§ Required work
Copy out all lines in the data below containing the string "page".

Stored items:
········

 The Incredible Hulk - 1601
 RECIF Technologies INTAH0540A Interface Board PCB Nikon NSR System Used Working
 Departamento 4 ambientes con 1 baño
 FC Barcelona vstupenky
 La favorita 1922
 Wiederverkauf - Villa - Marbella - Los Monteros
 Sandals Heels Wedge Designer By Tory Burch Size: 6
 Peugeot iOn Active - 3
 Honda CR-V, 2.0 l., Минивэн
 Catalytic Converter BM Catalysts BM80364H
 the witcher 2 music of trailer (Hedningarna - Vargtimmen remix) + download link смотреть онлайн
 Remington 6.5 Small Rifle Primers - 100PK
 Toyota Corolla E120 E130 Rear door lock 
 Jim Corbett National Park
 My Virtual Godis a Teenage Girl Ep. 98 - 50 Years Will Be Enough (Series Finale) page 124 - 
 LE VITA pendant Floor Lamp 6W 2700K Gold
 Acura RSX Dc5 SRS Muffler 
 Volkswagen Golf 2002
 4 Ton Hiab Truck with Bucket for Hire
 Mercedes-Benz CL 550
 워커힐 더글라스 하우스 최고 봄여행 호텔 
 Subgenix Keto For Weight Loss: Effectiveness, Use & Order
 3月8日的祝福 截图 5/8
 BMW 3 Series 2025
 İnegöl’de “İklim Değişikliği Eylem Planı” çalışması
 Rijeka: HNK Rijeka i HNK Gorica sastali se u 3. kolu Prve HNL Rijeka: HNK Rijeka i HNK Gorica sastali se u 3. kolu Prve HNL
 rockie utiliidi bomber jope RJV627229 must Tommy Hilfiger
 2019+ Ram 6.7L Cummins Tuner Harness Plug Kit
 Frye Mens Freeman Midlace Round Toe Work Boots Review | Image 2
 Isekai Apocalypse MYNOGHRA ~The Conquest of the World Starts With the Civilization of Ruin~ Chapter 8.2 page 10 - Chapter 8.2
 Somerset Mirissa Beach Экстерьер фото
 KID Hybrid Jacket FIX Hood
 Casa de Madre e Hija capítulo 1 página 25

········

§ Final answer
 My Virtual Godis a Teenage Girl Ep. 98 - 50 Years Will Be Enough (Series Finale) page 124 - 
 Isekai Apocalypse MYNOGHRA ~The Conquest of the World Starts With the Civilization of Ruin~ Chapter 8.2 page 10 - Chapter 8.2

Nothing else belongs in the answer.